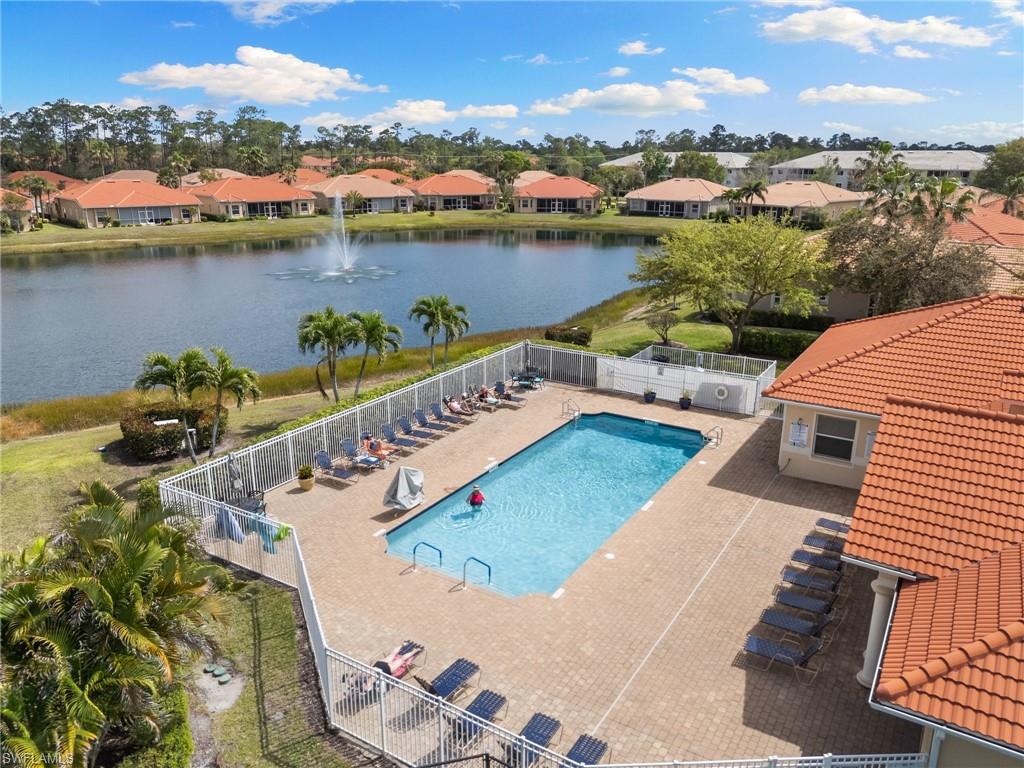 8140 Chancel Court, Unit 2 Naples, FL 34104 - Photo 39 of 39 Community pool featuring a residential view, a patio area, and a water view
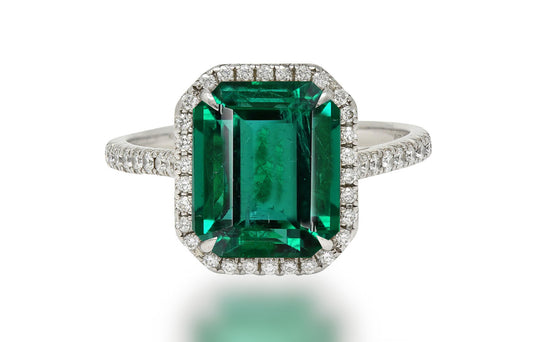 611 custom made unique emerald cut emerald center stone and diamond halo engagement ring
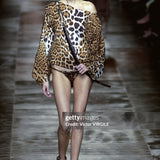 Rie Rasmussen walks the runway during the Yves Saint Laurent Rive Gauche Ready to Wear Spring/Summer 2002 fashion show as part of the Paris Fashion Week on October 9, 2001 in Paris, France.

+++

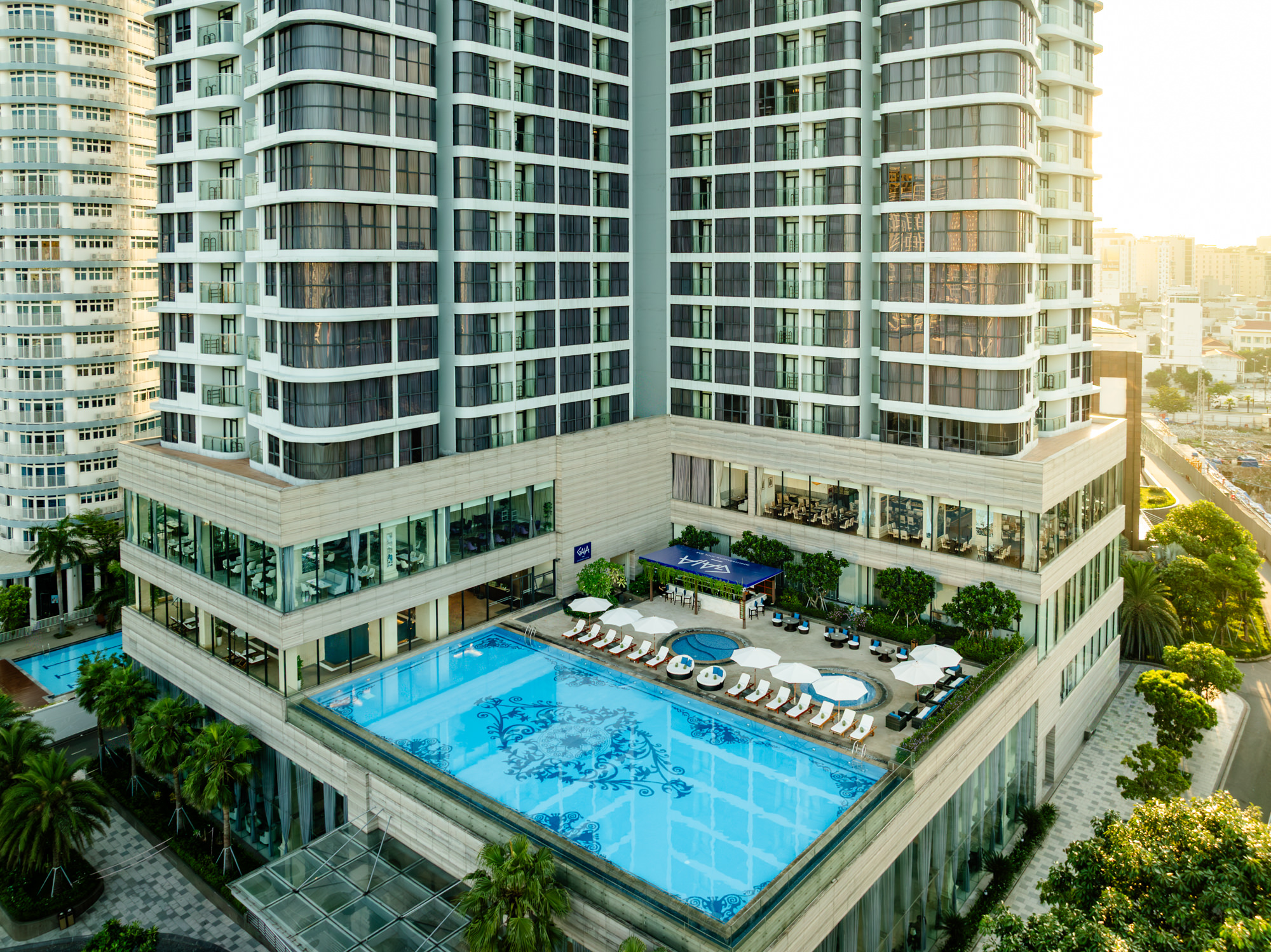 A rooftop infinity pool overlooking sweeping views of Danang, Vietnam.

+++

**Aim of the task**
Would you restate, exactly and with no pictures, the lines of the entries above from the one containing "8140 Chancel Court, Unit" through the one containing "Rie Rasmussen walks"?

**Answer to this exercise**
 8140 Chancel Court, Unit 2 Naples, FL 34104 - Photo 39 of 39 Community pool featuring a residential view, a patio area, and a water view
 611 custom made unique emerald cut emerald center stone and diamond halo engagement ring
 Rie Rasmussen walks the runway during the Yves Saint Laurent Rive Gauche Ready to Wear Spring/Summer 2002 fashion show as part of the Paris Fashion Week on October 9, 2001 in Paris, France.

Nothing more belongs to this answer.